The Unforgivable Sin
About the unforgivable sin, the Bible says: “For if we sin willfully after that we have received the knowledge of the truth, there remaineth no more sacrifice for sins, But a certain fearful looking for of judgment and fiery indignation, which shall devour the adversaries” (Hebrews 10:26). Some get discouraged when they read this verse and don’t understand the demarcation point between sinning and receiving forgiveness on one hand and committing the unforgivable sin on the other hand.
To sin willfully means to continue to sin willfully. As the context makes evident (Hebrews 10:29), reference here is not to single acts of sin committed in the full knowledge of their evil character, but to the attitude of mind that prevails when a person deliberately renounces Christ, refuses salvation, and rejects the Holy Spirit. This is intentional, continual, defiant sin. It is a reversal of the previous decision to accept salvation in Christ and to submit one’s heart and life to Him. It is intentional apostasy, which leads to the unforgivable sin (Matthew 12:31, 32).

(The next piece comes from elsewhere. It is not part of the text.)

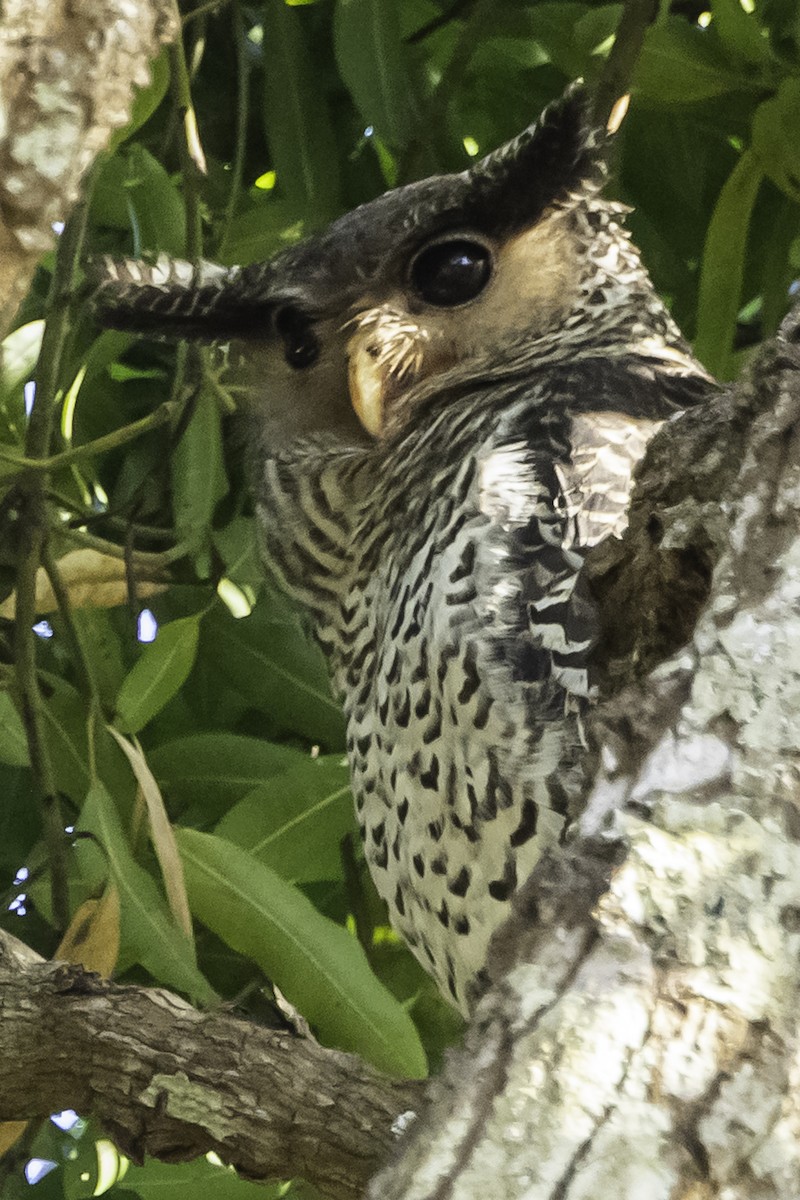 Spot-bellied Eagle-Owl - ML612867635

All the wicked are in a state of rebellion against their Maker (Romans 8:7) but before sinners have received the knowledge of the truth, God winks at their darkness (Acts 17:30). Before the light of truth shines into people’s minds, the Lord does not hold them accountable for the evil that is there (John 15:22; Luke 23:34; 1 Timothy 1:13). God wants to save all people and He loves them and has sent His Son to save them (John 1:4, 5, 9–12; 3:16; Matthew 9:13).
But when the light comes and men still choose evil instead, they are judged before God (John 3:19), and “there remaineth no more sacrifice for [their] sins” (Hebrews 10:26; James 4:17). That’s when the unforgivable sin starts to take form. But those that feel convicted of sin and wish to repent have not committed the unpardonable sin.
God Forgives and Empowers
The believer needs to always remember God’s power that will keep him from falling (Jude 24), and when he does fall as a result of failing to appropriate that power, he should go, repentant, to the throne of God in order to receive grace and pardon (Hebrews 4:16; 1 John 2:1).
The Christian can claim the following promise and be confident that the Lord will not just forgive him but also heal him and give him total victory. The Lord promised, “If we confess our sins, he is faithful and just to forgive us our sins, and to cleanse us from all unrighteousness” (1 John 1:9). Faithfulness is one of the Lord’s main characteristics (1 Corinthians 1:9; 10:13; 1 Thessalonians 5:24; 2 Timothy 2:13; Hebrews 10:23).